The Everyday Work of Gut Lining Cells
The inner surface of the intestine is lined with enterocytes, cells that make up most of the gut’s barrier. These cells are not all alike. Those deep in the folds focus on defense, making antimicrobial substances, while those nearer the surface specialize in absorbing sugars, fats, vitamins, and other nutrients. Together they create a “zoned” assembly line that keeps the body both nourished and protected. The authors set out to understand how VRAC, a volume-sensing ion channel in these cells, contributes to this division of labor, especially during inflammation.
What Happens When the Gate Fails
To probe VRAC’s role, the researchers engineered mice that lacked its key component, LRRC8A, only in intestinal lining cells. Under normal conditions these animals looked healthy. But when exposed to chemicals that mimic colitis or drive colon cancer, they lost more weight, had shorter, more damaged colons, and developed more tumors than their normal littermates. Their gut barriers leaked, tight junctions between cells were disrupted, and genes linked to inflammation and antimicrobial defenses surged, while genes for nutrient and fat transport dropped. Removing VRAC from immune cells did not produce the same effects, pinpointing the intestinal lining as the critical site.
Shifting from Feeding to Fighting
Single-cell analyses and miniature “gut-in-a-dish” organoids revealed what was happening inside the tissue. Without VRAC, enterocytes failed to mature properly along the crypt-to-surface axis. Cells associated with nutrient uptake, especially at the surface, were depleted, while defense-oriented cells at the base expanded. This rewiring hurt nutrient handling: organoids from VRAC-deficient mice absorbed less lipid and glucose. A central casualty of this shift was vitamin A processing. Enzymes that convert dietary vitamin A into retinoic acid—a signaling molecule that supports enterocyte identity, tissue repair, and immune balance—were sharply reduced, and overall retinoic dehydrogenase activity fell.

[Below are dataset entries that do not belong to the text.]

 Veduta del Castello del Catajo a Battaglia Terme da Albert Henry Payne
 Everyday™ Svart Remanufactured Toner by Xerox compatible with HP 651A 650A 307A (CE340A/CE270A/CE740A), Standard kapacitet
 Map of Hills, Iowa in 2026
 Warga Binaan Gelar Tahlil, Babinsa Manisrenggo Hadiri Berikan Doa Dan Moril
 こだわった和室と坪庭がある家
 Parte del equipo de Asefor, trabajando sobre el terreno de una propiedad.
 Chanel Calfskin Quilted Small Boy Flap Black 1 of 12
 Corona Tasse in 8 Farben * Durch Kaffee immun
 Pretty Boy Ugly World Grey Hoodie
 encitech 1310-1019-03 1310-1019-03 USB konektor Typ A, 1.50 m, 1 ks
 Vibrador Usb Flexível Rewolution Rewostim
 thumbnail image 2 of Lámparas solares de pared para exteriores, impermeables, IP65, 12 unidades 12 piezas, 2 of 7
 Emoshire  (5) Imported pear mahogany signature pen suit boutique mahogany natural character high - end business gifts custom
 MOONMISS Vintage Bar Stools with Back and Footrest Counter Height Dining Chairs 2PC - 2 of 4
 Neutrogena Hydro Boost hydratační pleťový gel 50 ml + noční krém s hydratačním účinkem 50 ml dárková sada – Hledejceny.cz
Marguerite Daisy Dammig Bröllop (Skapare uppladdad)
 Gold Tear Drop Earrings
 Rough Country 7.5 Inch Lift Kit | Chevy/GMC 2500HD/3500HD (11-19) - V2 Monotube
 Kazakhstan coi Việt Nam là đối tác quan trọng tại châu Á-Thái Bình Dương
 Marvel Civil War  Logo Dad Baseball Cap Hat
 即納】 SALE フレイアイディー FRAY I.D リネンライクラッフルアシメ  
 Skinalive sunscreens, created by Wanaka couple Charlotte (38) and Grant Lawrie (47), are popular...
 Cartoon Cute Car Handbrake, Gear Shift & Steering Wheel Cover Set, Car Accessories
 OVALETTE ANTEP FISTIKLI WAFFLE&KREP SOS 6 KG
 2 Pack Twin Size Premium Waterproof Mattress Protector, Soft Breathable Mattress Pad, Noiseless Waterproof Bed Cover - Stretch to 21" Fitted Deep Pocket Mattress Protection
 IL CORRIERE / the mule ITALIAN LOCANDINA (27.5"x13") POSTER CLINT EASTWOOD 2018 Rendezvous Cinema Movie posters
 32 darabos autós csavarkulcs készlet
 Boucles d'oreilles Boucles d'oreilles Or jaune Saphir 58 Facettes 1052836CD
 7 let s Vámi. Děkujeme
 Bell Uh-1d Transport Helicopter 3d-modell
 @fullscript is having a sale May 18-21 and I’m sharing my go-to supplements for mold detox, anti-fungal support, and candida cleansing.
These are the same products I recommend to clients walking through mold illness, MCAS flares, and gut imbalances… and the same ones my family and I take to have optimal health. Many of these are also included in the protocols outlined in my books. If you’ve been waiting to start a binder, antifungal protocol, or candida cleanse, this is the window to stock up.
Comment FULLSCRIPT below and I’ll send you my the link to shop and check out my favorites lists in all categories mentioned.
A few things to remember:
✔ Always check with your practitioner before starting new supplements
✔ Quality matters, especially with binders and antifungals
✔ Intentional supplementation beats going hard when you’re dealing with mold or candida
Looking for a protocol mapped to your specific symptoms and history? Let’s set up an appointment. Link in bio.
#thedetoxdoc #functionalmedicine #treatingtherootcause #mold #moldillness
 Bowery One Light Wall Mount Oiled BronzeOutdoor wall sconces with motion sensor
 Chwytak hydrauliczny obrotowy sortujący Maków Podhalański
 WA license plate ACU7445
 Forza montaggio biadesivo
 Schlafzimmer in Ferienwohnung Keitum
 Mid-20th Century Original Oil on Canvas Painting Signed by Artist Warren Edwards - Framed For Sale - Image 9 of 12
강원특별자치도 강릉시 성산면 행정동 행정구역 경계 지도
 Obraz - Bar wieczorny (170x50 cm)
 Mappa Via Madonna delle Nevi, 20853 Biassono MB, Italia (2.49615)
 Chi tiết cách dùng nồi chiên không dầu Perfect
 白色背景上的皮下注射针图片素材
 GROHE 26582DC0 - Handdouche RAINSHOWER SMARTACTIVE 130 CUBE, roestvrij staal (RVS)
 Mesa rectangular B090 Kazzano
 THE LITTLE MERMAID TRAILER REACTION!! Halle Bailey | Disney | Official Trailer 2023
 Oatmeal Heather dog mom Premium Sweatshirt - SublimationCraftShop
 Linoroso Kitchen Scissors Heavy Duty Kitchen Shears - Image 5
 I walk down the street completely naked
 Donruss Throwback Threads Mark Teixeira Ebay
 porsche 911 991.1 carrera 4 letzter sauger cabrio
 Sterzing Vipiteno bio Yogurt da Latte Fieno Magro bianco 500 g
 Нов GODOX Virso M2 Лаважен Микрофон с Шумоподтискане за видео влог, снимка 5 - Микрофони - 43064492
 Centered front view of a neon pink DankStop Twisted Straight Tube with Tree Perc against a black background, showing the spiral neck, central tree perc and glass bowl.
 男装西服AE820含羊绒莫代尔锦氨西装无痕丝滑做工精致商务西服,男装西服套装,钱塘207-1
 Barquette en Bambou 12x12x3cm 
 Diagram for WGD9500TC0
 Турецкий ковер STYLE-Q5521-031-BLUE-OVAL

Vitamin A Signals and Friendly Microbes to the Rescue
Because retinoic acid emerged as a key pathway, the team tested whether restoring it could counteract the damage. Giving mice all-trans retinoic acid before colitis reduced weight loss and colon injury, revived vitamin A–processing enzymes, and improved the presence of mature nutrient-absorbing enterocytes. It also restored helpful immune cells that produce IL-17 and IL-22, molecules crucial for repairing the gut lining. At the same time, loss of VRAC altered the microbiota: diversity fell, and beneficial Lactobacillus species declined. These microbial changes proved important; equalizing microbes by co-housing mice or wiping them out with antibiotics erased much of the difference between normal and VRAC-deficient animals. Transplanting stool from VRAC-deficient mice into healthy recipients made colitis worse, while supplementing specific Lactobacillus strains boosted vitamin A metabolism, normalized antimicrobial peptide levels, and revived protective immune cells.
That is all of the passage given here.